• _Task details_
Print only the lines below, from the very first to the one containing "小苏打|发面时,有人用酵母,有人用小苏打,却不知用它发面,馒头更蓬松", exactly as they stand. Do not print pictures.
Raw data Block Start
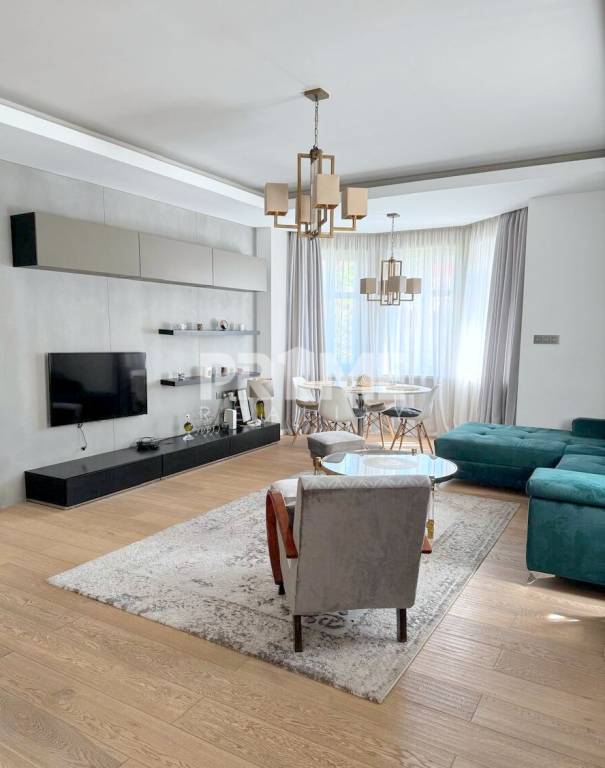 U NÁS LUXUSNÝ ( 100 m2 ) 2i BYT, VÝHĽAD NA BRAT.HRAD, Pa - 3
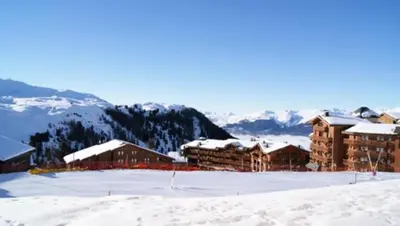 L'établissement Résidence Licorne - Appartement confortable · Skis au pieds · Vue pistes · Balcon MAE-3657 en hiver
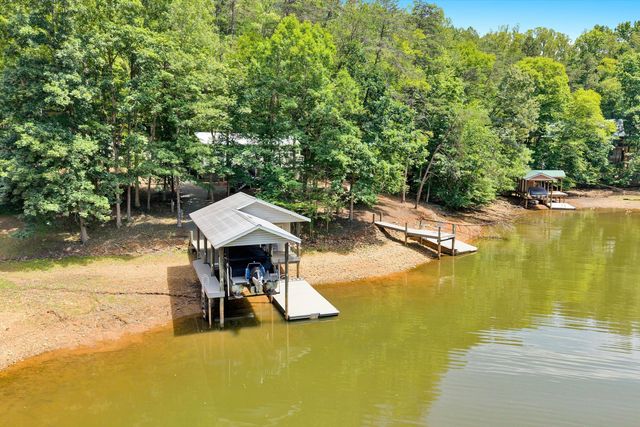 50 Grace LN, Union Hall, VA 24176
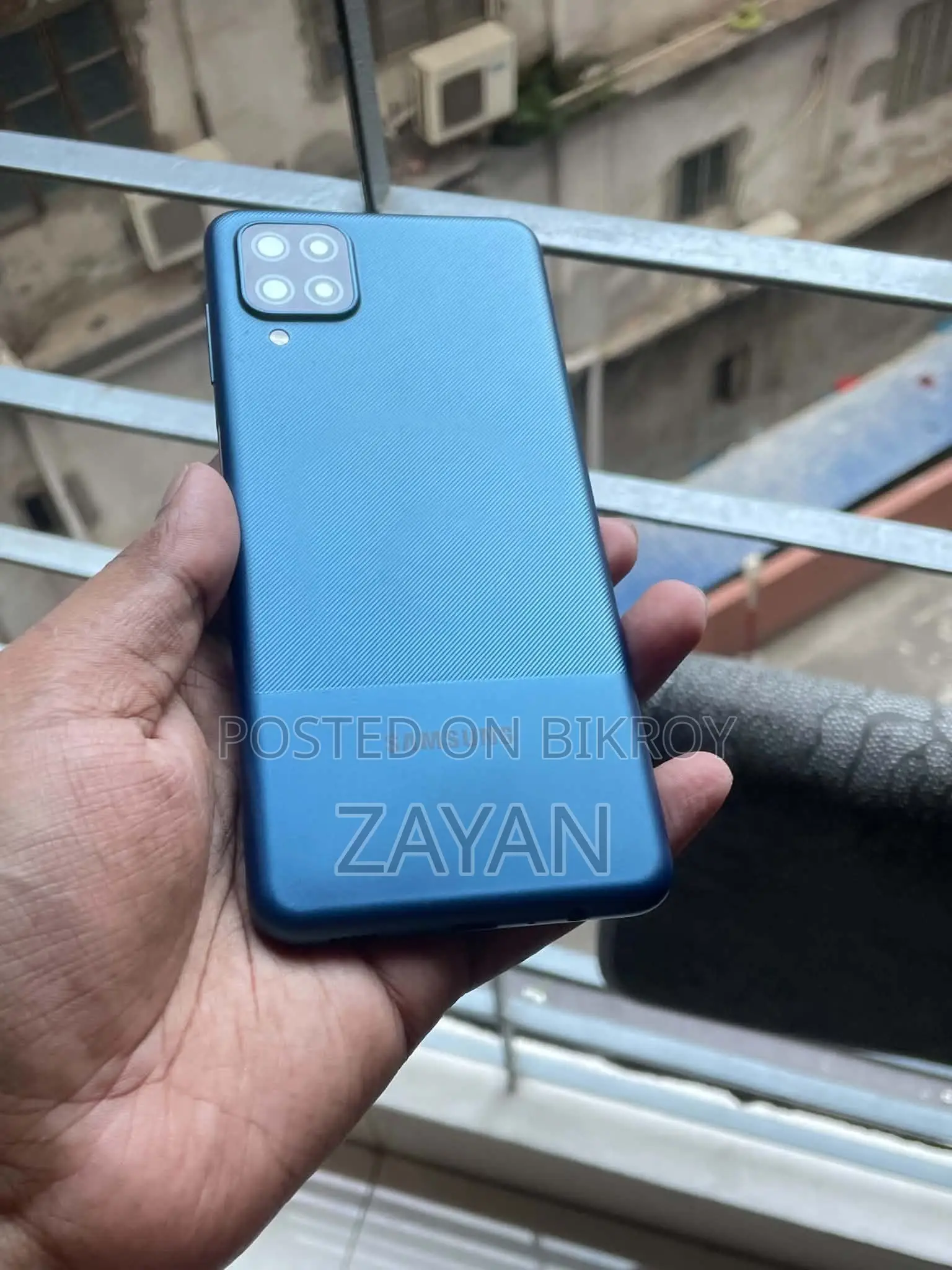 স্যামসাং গ্যালাক্সি এ১২ ৬৪ জিবি ব্লু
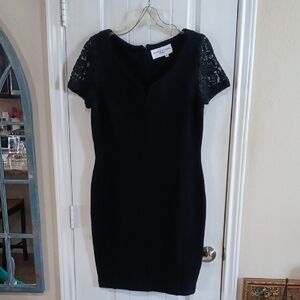 Adrienne Vittadini LBD Sheath w Lace Cap Sleeves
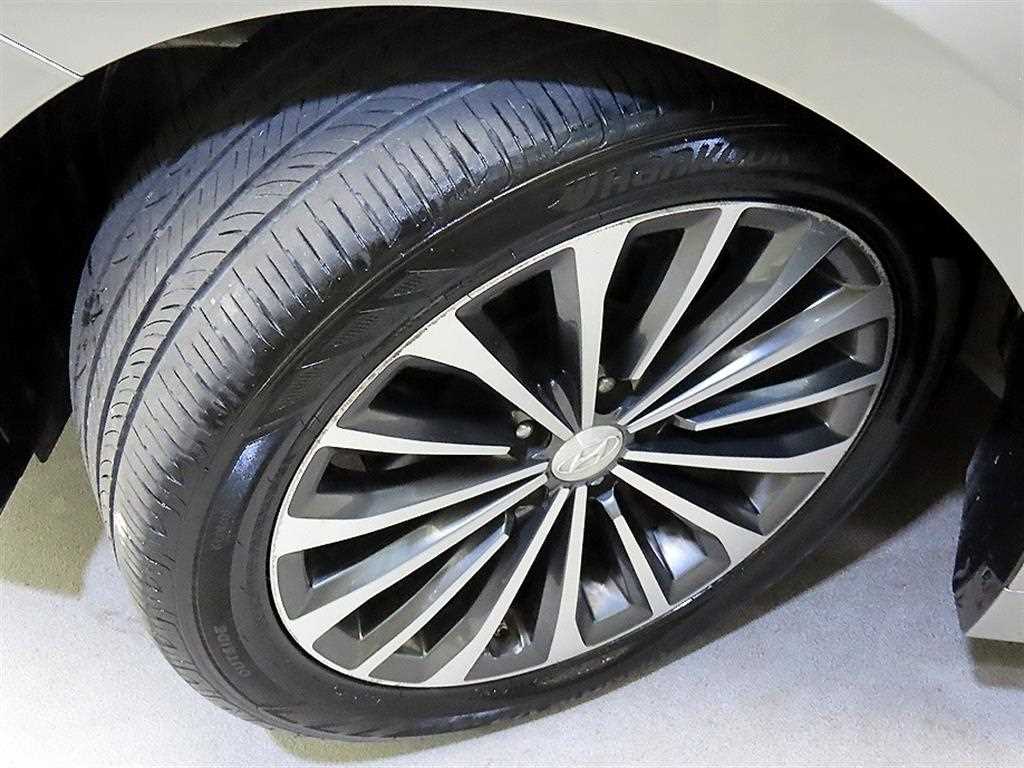 HYUNDAI Grandeur 2013 Plateado - Importación desde Corea - HF Imports Iquique - Foto 20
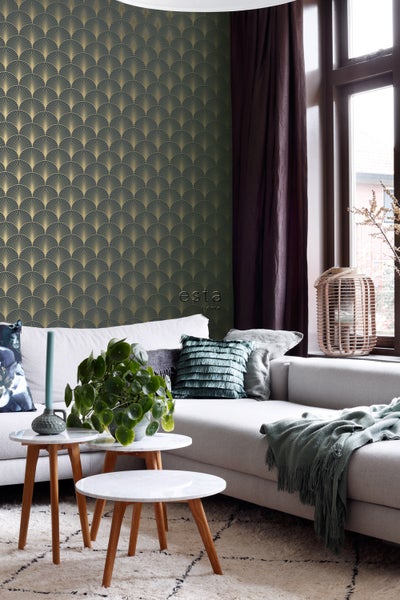 Wohnzimmer mit gemusterter Tapete, Couch und Beistelltischen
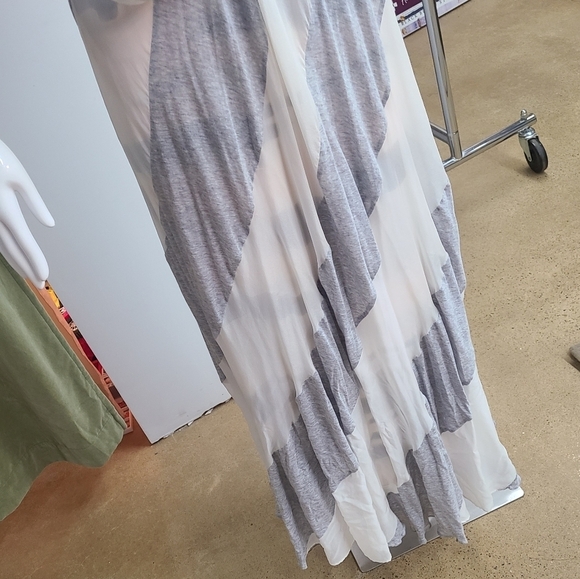 IISLI Maxi Dress - Picture 12 of 13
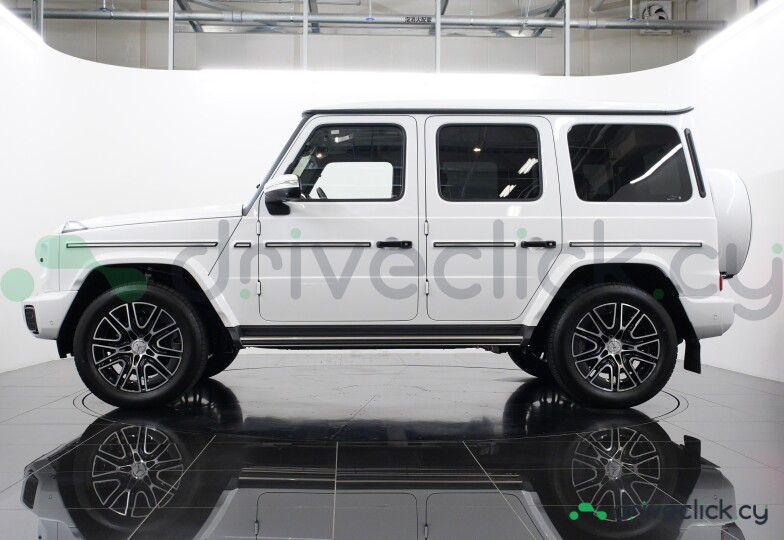 Mercedes G-class White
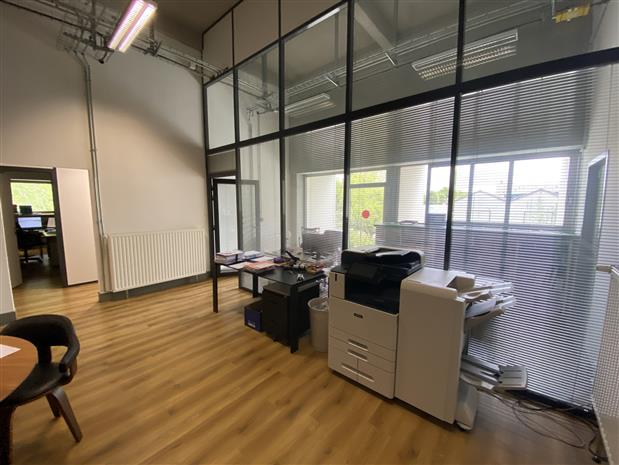 Bureau Location 33130 BEGLES 406 BOULEVARD JEAN JACQUES BOSC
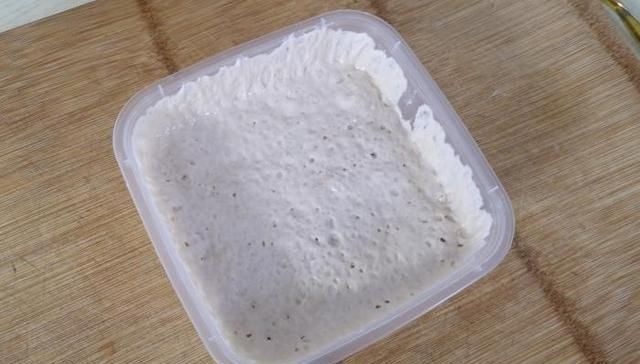 小苏打|发面时,有人用酵母,有人用小苏打,却不知用它发面,馒头更蓬松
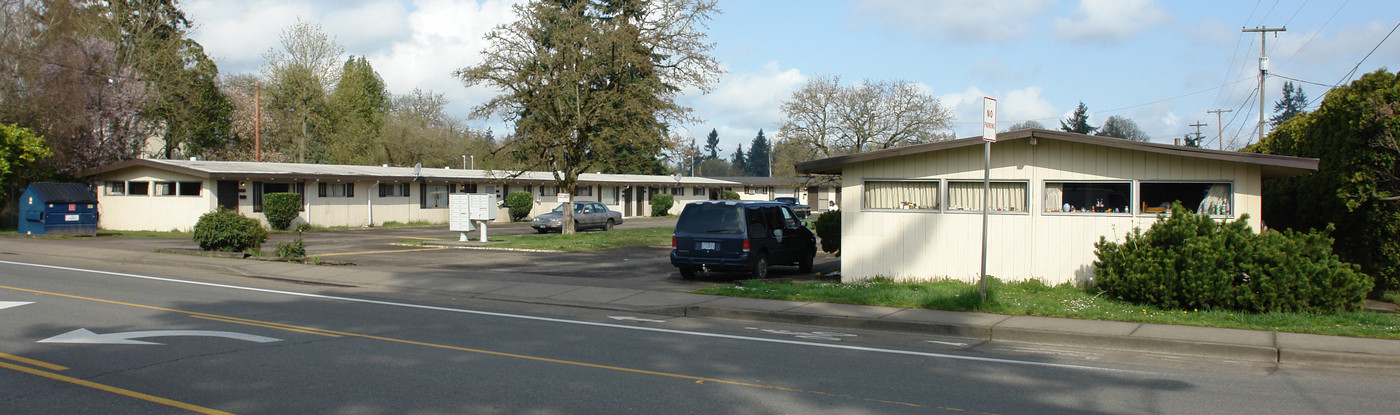 Waverly Lake Apartments in Albany, OR - Building Photo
Raw data Block End
• _Answer box_
 U NÁS LUXUSNÝ ( 100 m2 ) 2i BYT, VÝHĽAD NA BRAT.HRAD, Pa - 3
 L'établissement Résidence Licorne - Appartement confortable · Skis au pieds · Vue pistes · Balcon MAE-3657 en hiver
 50 Grace LN, Union Hall, VA 24176
 স্যামসাং গ্যালাক্সি এ১২ ৬৪ জিবি ব্লু
 Adrienne Vittadini LBD Sheath w Lace Cap Sleeves
 HYUNDAI Grandeur 2013 Plateado - Importación desde Corea - HF Imports Iquique - Foto 20
 Wohnzimmer mit gemusterter Tapete, Couch und Beistelltischen
 IISLI Maxi Dress - Picture 12 of 13
 Mercedes G-class White
 Bureau Location 33130 BEGLES 406 BOULEVARD JEAN JACQUES BOSC
 小苏打|发面时,有人用酵母,有人用小苏打,却不知用它发面,馒头更蓬松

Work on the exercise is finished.